* DESCRIPTION OF THE TASK: Print exactly the lines below between the line holding "Abb. 4: EKG - Sinusrhythmus" and the line holding "<p>A prominence on", inclusive, and nothing more.

* SUPPLIED DATA:
———

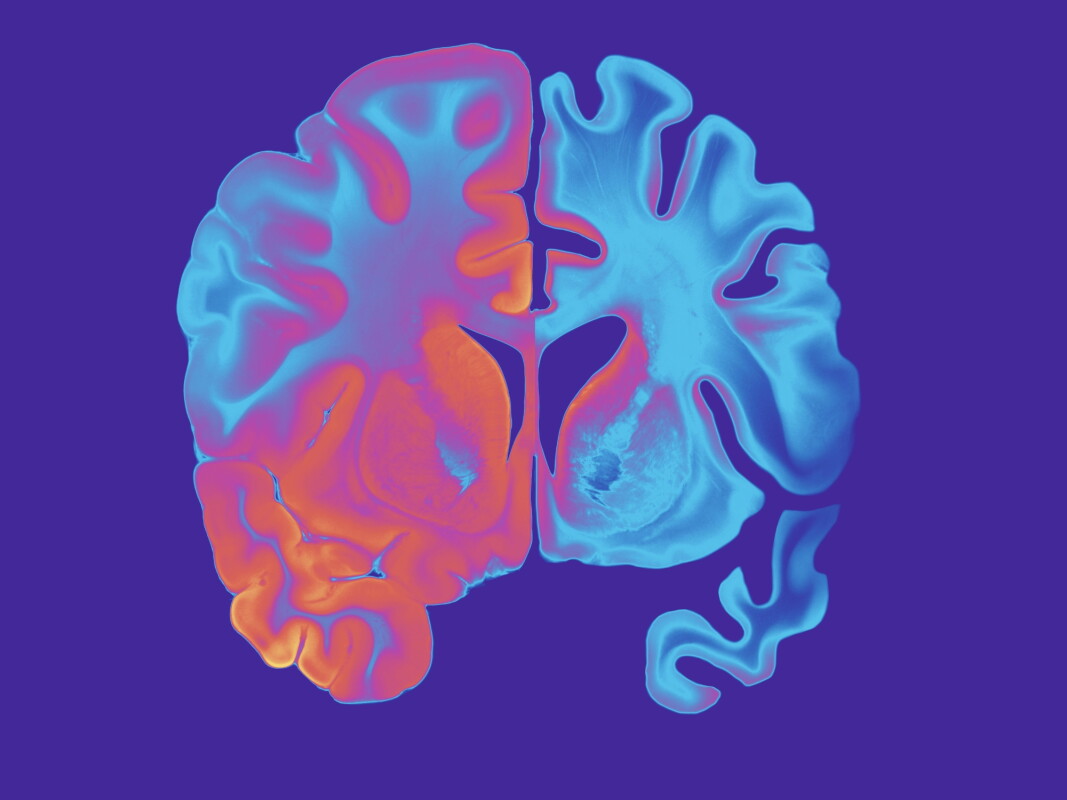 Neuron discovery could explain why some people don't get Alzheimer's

———

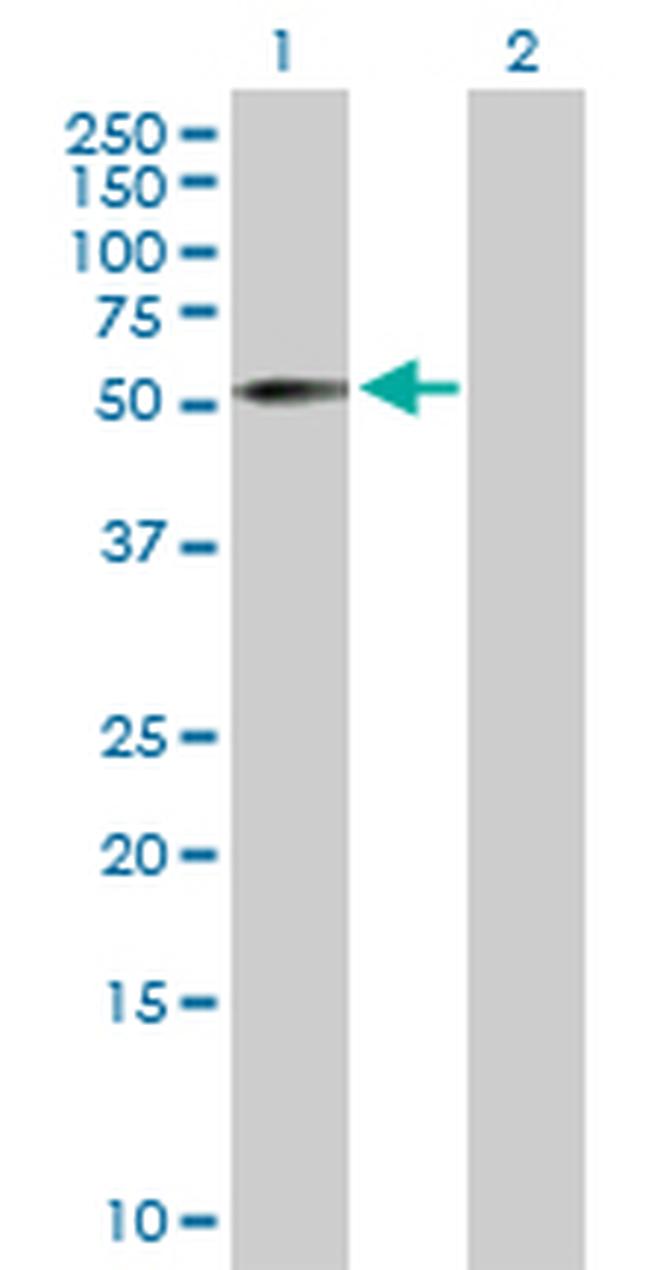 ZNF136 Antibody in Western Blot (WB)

———

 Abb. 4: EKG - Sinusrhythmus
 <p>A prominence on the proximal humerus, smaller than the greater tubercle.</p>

———

* WRITTEN RESPONSE:
 Abb. 4: EKG - Sinusrhythmus
 <p>A prominence on the proximal humerus, smaller than the greater tubercle.</p>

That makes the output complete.